Reuse of learnt knowledge is of critical importance in the majority of knowledge-intensive application areas, particularly because the operating context can be expected to vary from training to deployment. In machine learning this is most commonly studied in relation to variations in class and cost skew in classification. While this is evidently useful in many practical situations, there is a clear and pressing need to generalise the notion of operating context beyond the narrow framework of skew-sensitive classification. This project aims to address the challenge of redesigning the entire data-to-knowledge (D2K) pipeline in order to take account of a significantly generalised notion of operating context.

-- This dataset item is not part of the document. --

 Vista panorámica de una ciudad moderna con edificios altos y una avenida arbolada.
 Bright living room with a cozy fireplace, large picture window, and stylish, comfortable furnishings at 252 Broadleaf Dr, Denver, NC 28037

We will develop an innovative and principled approach to knowledge reuse which will allow a range of known machine learning and data mining techniques to deal with common contextual changes, including: (i) changes in data representation; (ii) the availability of new background knowledge; (iii) predictions required at a different aggregation level; and (iv) models to be applied to a different subgroup or distribution. The approach is based around the new notion of model reframing, which can be applied to inputs (features), outputs (predictions) or parts of models (patterns), in this way generalising, integrating and broadening the more traditional and diverse notions of model adjustment in machine learning and data mining.
The ultimate goal of the project is to provide a much better understanding of the issues involved in the generation and deployment of a model for different contexts, as well as the development of tools which ease the extraction, reuse, exchange and adaptation of knowledge for a wide spectrum of operating contexts. The project will focus on three complex domain areas: geographical applications with spatio-temporal data, smart use of energy (resource production and consumption), and human genomics (genotype-phenotype relation analysis). These three demanding domains will ground the project by means of challenge problems and allow us to experimentally validate our methodologies, tools and algorithms.